Provided records:

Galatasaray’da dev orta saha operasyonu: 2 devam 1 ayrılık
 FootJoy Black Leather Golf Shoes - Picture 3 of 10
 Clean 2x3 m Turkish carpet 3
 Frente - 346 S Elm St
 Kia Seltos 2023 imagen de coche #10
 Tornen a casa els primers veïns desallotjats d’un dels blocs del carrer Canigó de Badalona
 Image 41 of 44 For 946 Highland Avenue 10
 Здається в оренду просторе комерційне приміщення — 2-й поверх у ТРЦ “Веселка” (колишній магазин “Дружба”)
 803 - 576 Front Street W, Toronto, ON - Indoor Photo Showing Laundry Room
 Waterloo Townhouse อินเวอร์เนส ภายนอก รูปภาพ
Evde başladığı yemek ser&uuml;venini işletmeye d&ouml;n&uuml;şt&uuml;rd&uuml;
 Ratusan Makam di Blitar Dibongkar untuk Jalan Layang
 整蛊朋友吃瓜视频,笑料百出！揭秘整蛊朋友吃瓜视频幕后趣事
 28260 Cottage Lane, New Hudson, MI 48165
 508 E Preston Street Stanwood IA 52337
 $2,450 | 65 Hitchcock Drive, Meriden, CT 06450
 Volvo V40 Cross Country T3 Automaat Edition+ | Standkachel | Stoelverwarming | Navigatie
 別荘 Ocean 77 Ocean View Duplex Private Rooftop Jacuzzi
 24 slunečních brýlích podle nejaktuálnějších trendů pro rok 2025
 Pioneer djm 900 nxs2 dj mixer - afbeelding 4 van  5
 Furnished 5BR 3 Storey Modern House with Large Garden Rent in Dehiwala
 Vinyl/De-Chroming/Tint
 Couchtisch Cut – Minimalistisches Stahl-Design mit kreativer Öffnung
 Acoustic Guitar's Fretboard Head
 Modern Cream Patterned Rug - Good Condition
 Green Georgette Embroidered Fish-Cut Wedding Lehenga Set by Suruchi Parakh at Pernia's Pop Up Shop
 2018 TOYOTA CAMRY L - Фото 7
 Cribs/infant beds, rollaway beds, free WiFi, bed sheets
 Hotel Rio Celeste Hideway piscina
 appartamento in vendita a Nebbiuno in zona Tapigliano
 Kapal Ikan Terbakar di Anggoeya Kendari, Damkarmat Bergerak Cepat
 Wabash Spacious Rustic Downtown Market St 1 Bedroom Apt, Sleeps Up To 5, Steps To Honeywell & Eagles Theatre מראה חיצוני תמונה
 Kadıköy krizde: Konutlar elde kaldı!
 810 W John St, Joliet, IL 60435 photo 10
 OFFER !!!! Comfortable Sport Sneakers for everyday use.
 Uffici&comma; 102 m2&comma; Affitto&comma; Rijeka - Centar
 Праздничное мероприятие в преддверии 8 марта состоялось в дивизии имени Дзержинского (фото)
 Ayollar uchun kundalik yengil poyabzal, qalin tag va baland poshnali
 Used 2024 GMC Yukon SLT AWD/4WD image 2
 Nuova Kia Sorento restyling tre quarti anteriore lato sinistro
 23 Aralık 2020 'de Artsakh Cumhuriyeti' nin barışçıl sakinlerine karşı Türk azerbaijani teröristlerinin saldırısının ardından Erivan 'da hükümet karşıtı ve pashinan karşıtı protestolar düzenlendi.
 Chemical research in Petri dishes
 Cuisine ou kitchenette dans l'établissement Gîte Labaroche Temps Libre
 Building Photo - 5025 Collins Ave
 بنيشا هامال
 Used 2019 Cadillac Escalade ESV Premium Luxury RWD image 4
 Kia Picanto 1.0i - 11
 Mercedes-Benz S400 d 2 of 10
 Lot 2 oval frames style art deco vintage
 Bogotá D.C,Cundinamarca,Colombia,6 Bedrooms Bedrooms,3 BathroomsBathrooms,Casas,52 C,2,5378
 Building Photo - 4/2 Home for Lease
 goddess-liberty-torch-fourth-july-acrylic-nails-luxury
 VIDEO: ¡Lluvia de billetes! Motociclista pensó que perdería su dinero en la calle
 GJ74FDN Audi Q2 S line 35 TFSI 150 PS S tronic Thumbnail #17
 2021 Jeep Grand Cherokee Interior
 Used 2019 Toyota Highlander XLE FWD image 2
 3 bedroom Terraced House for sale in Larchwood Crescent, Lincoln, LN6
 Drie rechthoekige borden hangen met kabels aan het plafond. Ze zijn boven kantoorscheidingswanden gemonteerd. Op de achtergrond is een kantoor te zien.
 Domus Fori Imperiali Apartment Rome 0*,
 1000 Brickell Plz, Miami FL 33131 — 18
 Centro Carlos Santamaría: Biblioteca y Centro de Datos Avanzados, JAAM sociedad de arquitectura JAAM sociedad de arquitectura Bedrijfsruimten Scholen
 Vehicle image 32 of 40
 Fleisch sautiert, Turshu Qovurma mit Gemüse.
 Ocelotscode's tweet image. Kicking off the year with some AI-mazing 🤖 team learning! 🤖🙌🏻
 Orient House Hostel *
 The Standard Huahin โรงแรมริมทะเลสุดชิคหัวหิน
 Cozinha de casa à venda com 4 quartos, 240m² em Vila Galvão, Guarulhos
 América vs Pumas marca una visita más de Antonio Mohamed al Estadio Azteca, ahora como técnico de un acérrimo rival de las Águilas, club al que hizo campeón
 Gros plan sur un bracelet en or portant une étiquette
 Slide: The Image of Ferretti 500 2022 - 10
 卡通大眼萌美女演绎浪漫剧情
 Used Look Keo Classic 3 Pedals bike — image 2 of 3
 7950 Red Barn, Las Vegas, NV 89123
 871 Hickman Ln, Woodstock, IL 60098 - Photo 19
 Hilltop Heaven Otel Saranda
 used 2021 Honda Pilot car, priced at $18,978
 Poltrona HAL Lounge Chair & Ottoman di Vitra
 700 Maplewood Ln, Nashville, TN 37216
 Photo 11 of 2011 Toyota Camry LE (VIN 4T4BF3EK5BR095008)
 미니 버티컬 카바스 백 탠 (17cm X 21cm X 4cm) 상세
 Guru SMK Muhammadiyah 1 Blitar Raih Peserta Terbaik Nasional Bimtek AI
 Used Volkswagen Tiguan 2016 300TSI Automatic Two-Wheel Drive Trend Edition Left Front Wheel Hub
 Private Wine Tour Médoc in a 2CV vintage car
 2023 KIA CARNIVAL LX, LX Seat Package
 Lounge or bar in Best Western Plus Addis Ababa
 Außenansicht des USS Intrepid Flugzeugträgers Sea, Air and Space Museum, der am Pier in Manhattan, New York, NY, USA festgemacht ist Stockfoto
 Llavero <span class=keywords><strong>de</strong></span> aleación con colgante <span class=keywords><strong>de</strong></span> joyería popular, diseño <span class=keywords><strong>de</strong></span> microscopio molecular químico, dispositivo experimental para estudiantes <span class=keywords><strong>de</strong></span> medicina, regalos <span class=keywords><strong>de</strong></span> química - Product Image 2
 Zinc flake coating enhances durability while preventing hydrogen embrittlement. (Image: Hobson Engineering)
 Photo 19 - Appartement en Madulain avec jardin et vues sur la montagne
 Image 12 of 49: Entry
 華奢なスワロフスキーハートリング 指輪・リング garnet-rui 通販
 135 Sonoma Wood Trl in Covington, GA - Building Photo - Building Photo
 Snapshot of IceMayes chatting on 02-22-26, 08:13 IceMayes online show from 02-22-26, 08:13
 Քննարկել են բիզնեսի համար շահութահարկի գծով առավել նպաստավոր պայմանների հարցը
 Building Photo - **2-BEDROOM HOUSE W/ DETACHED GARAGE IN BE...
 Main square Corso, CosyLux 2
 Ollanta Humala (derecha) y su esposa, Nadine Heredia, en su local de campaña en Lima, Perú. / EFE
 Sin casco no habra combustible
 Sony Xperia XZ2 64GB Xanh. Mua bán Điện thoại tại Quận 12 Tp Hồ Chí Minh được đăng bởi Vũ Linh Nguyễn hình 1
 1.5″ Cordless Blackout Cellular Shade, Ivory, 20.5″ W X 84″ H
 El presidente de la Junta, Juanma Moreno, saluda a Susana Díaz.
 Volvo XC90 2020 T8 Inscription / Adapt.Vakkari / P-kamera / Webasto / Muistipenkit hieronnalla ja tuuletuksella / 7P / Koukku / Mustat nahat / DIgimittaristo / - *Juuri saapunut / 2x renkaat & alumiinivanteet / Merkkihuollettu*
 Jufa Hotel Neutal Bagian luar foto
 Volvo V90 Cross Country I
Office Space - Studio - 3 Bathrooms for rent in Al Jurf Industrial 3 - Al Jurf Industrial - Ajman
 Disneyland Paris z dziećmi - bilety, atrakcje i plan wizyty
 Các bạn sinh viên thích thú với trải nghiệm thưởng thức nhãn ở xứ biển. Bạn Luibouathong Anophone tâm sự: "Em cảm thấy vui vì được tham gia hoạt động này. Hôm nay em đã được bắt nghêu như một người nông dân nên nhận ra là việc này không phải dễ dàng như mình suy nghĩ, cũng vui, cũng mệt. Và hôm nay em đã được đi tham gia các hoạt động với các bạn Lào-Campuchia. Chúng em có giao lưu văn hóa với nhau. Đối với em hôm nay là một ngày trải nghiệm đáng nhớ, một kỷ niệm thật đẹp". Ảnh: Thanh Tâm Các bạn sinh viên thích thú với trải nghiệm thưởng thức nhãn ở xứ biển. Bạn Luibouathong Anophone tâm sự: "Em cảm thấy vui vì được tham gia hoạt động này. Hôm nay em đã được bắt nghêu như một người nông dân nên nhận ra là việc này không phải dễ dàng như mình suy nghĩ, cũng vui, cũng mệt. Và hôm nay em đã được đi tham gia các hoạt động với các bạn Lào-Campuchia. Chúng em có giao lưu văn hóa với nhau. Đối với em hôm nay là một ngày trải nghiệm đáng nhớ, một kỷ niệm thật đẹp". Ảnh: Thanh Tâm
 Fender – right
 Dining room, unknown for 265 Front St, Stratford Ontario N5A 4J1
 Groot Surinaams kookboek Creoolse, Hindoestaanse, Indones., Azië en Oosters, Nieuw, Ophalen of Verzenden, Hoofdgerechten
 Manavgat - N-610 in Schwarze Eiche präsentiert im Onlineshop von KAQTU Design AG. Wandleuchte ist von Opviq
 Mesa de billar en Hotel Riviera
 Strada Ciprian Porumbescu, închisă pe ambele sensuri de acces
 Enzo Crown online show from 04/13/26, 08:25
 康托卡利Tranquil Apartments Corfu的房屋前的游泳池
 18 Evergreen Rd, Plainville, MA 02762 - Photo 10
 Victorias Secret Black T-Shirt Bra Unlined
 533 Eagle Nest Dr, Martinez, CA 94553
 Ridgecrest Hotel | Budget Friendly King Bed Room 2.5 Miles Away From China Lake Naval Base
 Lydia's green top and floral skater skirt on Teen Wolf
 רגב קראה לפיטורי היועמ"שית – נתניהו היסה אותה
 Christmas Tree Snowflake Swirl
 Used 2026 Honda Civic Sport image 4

Your task: When you reach the line holding "1.5″ Cordless Blackout" in the records above, begin reproducing exactly, stop after the line holding "Volvo V90 Cross Country I", and output nothing else.

Answer below:
 1.5″ Cordless Blackout Cellular Shade, Ivory, 20.5″ W X 84″ H
 El presidente de la Junta, Juanma Moreno, saluda a Susana Díaz.
 Volvo XC90 2020 T8 Inscription / Adapt.Vakkari / P-kamera / Webasto / Muistipenkit hieronnalla ja tuuletuksella / 7P / Koukku / Mustat nahat / DIgimittaristo / - *Juuri saapunut / 2x renkaat & alumiinivanteet / Merkkihuollettu*
 Jufa Hotel Neutal Bagian luar foto
 Volvo V90 Cross Country I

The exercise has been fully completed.